It’s Time To Evolve How The UK Procures Offshore Wind
Introducing “Mega-projects” for offshore wind will capture the maximum economic benefits of the sector, address key challenges and bolster the UK’s reputation as a policy innovation powerhouse
The UK has always been at the forefront of innovative policymaking. When the UK government introduced the Contract for Difference (CfD) in 2014 it became a world-leading model for supporting the deployment of renewables at scale, taking offshore wind from a burgeoning technology to a mature market in less than a decade.
As well as securing vital gigawatts of clean, green energy, the CfD also proved highly effective at bringing the price down rapidly year-on-year. This is to be celebrated; an apt demonstration of how government policy can mobilise private investment to provide low cost energy to consumers and create an opportunity for UK supply chain businesses.
However, while CfD auctions have been successful in ratcheting down the costs of energy from offshore wind, this incremental approach, awarding around 3-5 Gigawatts (GW) per year does not create sufficient scale to provide stable supply chain investment or an effective strategic planning backdrop. From a supply chain perspective Turbine OEMs can’t gain sufficient orders in one block to justify opening factories and scale-up businesses receive orders too late or can’t justify investments in new equipment. From a critical infrastructure perspective, strategic planning is a challenge for ports and grid when it is unclear when and where specific large deployments of offshore wind will take place with sufficient notice.
With ambitious deployment targets in place for 50GW of offshore wind by 2030, annual CfD allocation rounds alone are unlikely to deliver the full deployment that is required. With 14GW currently installed, and a recent allocation round that failed to secure any new bids for offshore wind, we must now deploy an average of 6GW per year for the rest of this decade to remain on track for Net Zero targets and secure a £100bn pipeline of projects in the process.
Against this backdrop there is a strong argument to be made for thinking bigger. Alongside the annual CfD allocation rounds, parallel “Mega-projects” could be brought in to super-charge market confidence, deployment volumes and supply chain growth.

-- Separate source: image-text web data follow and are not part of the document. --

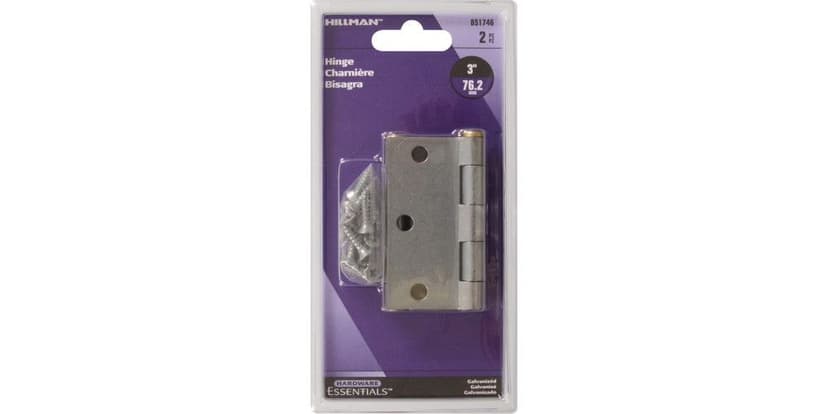 Hillman Galvanized Hinge, For General Purpose, Removable Pins, 3-in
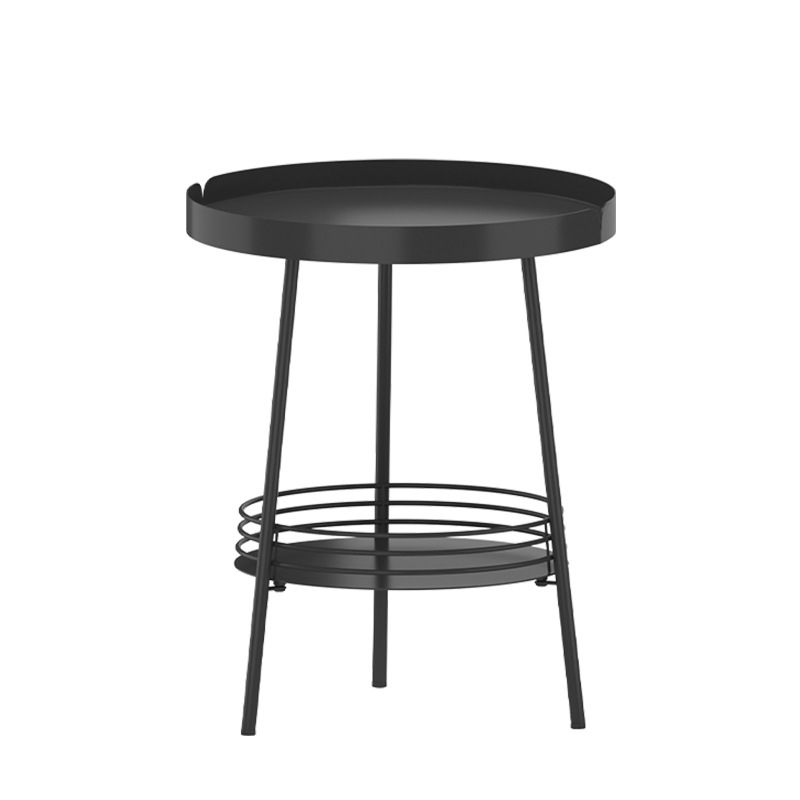 Mid-Century Metal Round Tray Top Side Table 21.6-inch 3 Legs End Table with Shelf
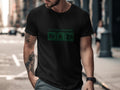 Black t-shirt with "FOOTBALL CHEMISTRY BRA ZIL" in green and white, inspired by the periodic table.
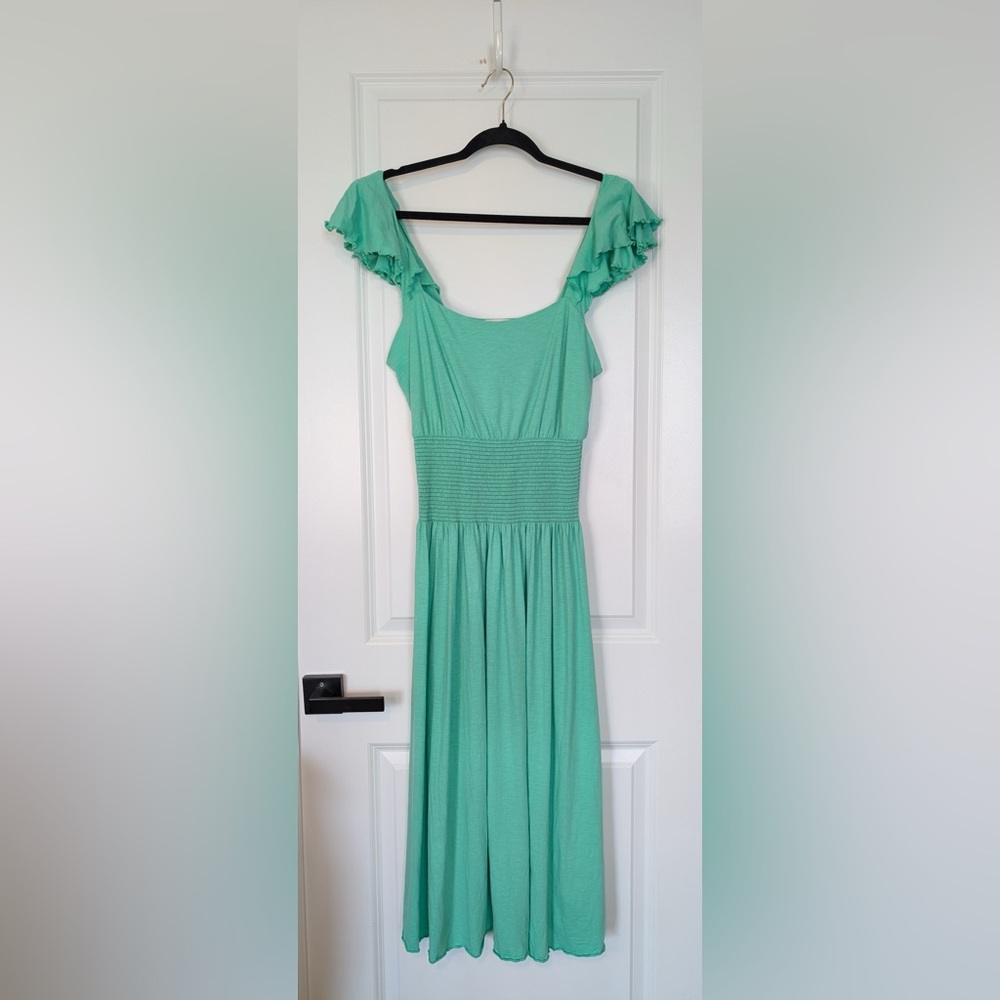NATION LTD Women’s Brittini Pima Cotton Smocked Midi Dress Green Size Medium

Mega-projects could be awarded every 3-5 years for approximately 15GW of offshore wind in one go, within specified geographic deployment areas. They could unlock a wide range of benefits: for grid developments - certainty in location, and network demand; for Ports – confidence in location, contracts with users to underpin expansions (manufacturing, assembly, mustering or Operations & Maintenance); for OEM facilities – annual orders in a given region reaching the threshold of 5GW/300 turbines that triggers a requirement for new manufacturing capacity; for UK supply chain - stable backdrop for investment and runway for investment/scale up; for Science, technology and innovation – more alignment on technology challenges, more opportunities for universities and Research & Technology Organisations to partner with industry, sufficient scale to justify public/private investment in understanding and de-risking technologies and accelerating systems integration.
In short Mega-projects will create the ability to plan strategically for transformational volumes of offshore wind. The new wave of investment and job creation that comes with increased scale would be naturally drawn to our coastal communities across the country spreading economic benefit where regeneration is greatly needed. Turbine blades from Blyth, moorings from Aberdeen and cables from Pembrokeshire all suddenly become realistic future possibilities. The offshore wind sector is already forecast to support 100,000 jobs in the UK by 2030, and with Mega-projects driving investment this could be boosted further including transitioning the skills and experience from the Oil & Gas sector into long-term, green, high skill and high pay employment.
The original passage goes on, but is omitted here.